Sell. A good sales pitch appeals to our emotions and values. Teen smokers are rebellious types. They don’t want to hear traditional anti-smoking messages because no one is going to tell them what to do.
The “truth” campaign turned that logic on its head by highlighting the lies and half-truths the tobacco industry has used to manipulate young smokers. When kids discovered they were being played for suckers, their behavior changed.
Anti-vaxxers have a similar mindset, ridiculing those who have embraced the vaccine as “sheep.”
But who are the sheep, really? How would these skeptics feel if they knew about the groups cashing in on anti-vaxx hysteria? Or the Fox News hosts who publicly disparaged the vaccine while scurrying to the front of the line when it was time for their jab? They might react like those teen smokers when they finally saw things for how they really were.

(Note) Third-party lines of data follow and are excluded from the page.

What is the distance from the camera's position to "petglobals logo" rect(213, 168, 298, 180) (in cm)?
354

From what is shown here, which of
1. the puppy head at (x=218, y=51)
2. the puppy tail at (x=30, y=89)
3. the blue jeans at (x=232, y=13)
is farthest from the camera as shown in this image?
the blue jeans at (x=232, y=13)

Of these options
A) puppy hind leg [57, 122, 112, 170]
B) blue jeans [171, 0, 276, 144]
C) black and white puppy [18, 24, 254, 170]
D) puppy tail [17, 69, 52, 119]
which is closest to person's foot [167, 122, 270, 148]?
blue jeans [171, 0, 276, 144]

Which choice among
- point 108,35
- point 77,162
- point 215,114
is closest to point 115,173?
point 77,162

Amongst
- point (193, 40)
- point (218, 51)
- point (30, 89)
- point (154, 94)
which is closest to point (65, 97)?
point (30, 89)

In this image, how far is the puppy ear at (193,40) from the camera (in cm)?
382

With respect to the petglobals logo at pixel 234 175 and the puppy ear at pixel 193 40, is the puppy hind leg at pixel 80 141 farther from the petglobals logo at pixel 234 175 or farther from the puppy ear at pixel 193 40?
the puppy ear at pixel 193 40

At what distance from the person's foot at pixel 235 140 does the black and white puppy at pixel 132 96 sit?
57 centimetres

An effective sales pitch is also clear. It doesn’t sound like this tweet from the White House:“Our new COVID-19 plan will reduce the number of unvaccinated Americans, decrease hospitalizations and deaths, allow our children to go to schools safely, and keep our economy strong by keeping businesses open.”
Cramming all those outcomes into a single message dilutes the impact. In a CNN report, a physician described COVID as, “our World War II.” Well, during World War II, the US government asked its citizens to make numerous sacrifices -- far more than most citizens are making today. Government propaganda efforts were rooted in patriotism and emotion, and cut to the chase with single-minded communication, plain language, and metaphor.

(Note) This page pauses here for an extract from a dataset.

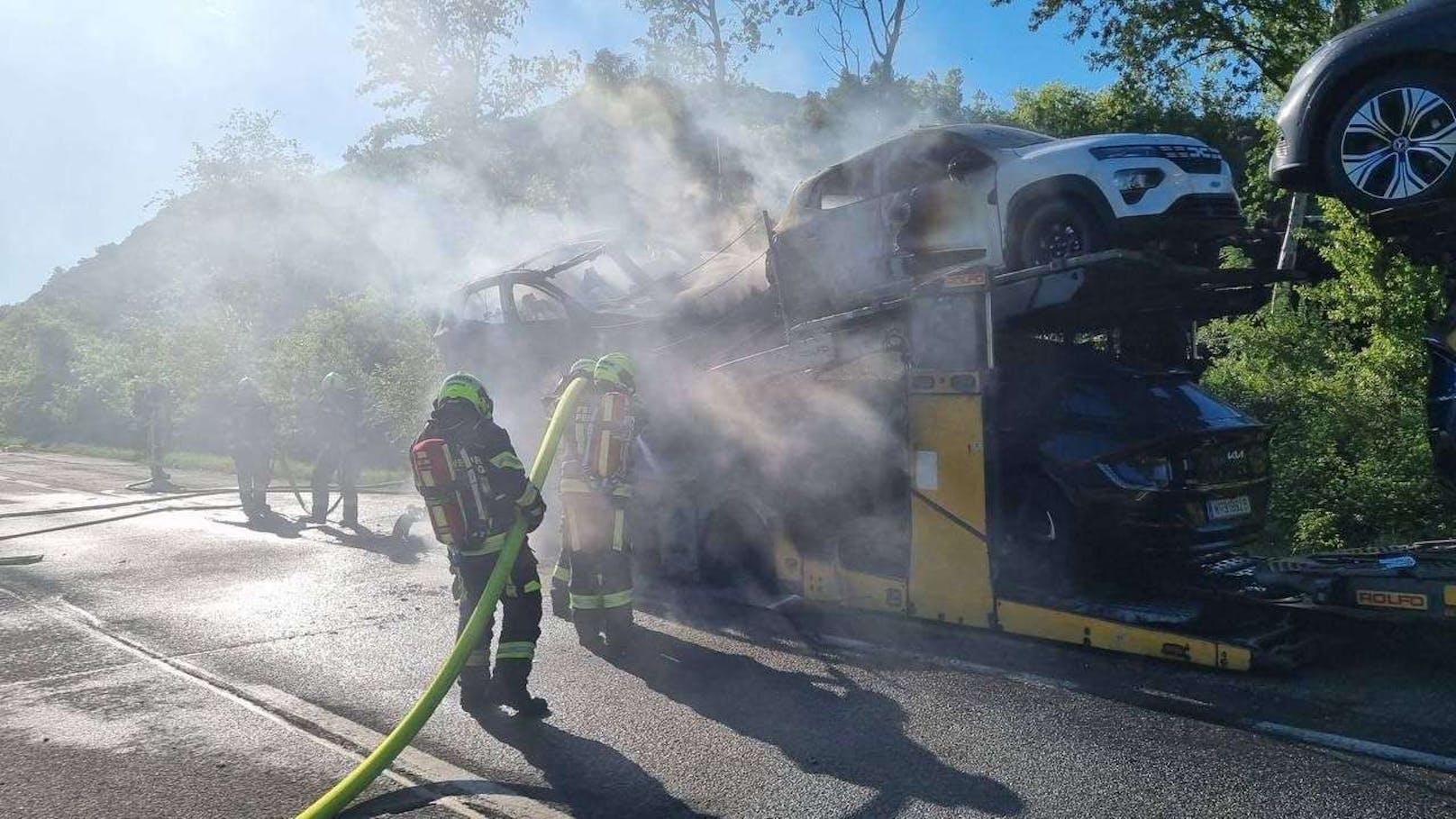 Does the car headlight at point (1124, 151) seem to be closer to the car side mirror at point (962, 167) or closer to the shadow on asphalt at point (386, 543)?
the car side mirror at point (962, 167)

These messages didn’t overtly guilt or shame anyone; that tends to backfire. They gave you credit for being a good citizen who would do the right thing. But they did subtly invite you to consider, at least subconsciously, how guilty or ashamed you would feel if you didn’t.
Social proof is another way to sell. In some rural areas, succumbing to the vaccine carries a stigma. Even those who get the shots won’t fess up to it.

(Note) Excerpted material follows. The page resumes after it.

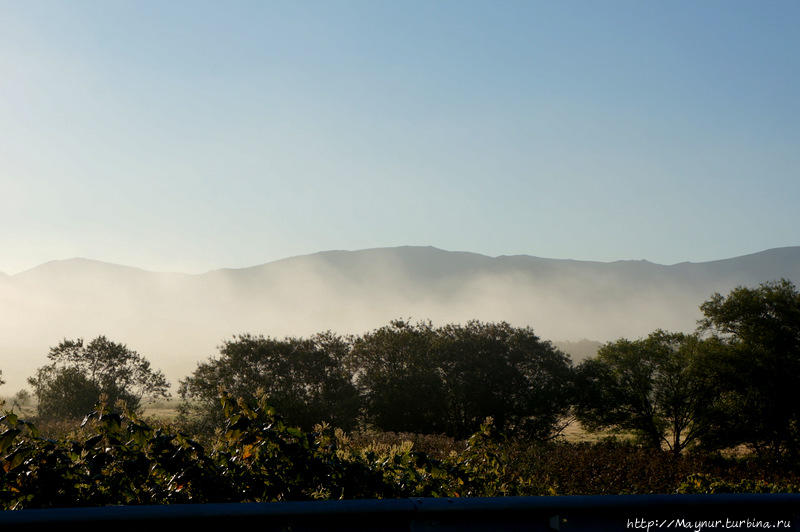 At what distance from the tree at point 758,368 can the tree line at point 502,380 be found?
52 mm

But imagine a program in which doctors encouraged respected members of these tight-knit communities not only to get the vaccine but also to talk about it -- and also encouraged the vaccinated to discuss their decision with their friends and family.
You may not trust what the government or the big-city libs tell you. But it is different if someone near you, who clearly shares your values -- the high-school football star, the beloved local business owner, your sister, or the buddy you’ve known since kindergarten -- makes the same suggestion.
Social scientists call this the contact hypothesis, and it may explain why Americans across the board shifted their views on gay rights relatively quickly. The more people came out, the more likely it was that someone close to you was gay, and it is hard to stigmatize someone you care about.
Compel. The pandemic is an abstraction for most of us because we are not watching COVID patients suffocating to death on the news each night. But what if we could? Even some staunch vaccine holdouts who have seen loved ones suffer have had a sudden change of heart.
9/11 struck us viscerally because we witnessed the planes crashing into the towers. The videos of police and their dogs mauling peaceful Black protestors dramatized the injustices and violence of Jim Crow in a way that decades worth of words never could.
Similarly, public health message-makers should consider ways to make the horrors of this virus more visible and help us see -- literally see -- beyond the statistics to the individual experiences.
Of course, personal responsibility has its limits, and that’s where vaccine requirements come in. Although the Civil Rights Movement changed plenty of hearts, it didn’t change everyone. Federal legislation carried us the last mile. Similarly, time is of the essence with COVID, so it probably is time to make people’s decisions for them.
The Biden Administration has been dealt a bad hand, made worse by nihilistic extremists who are willing to let their constituents die to win political points. In such an environment, persuasion has its limits, but it still has a role -- especially when those efforts are rooted in the science of human behavior.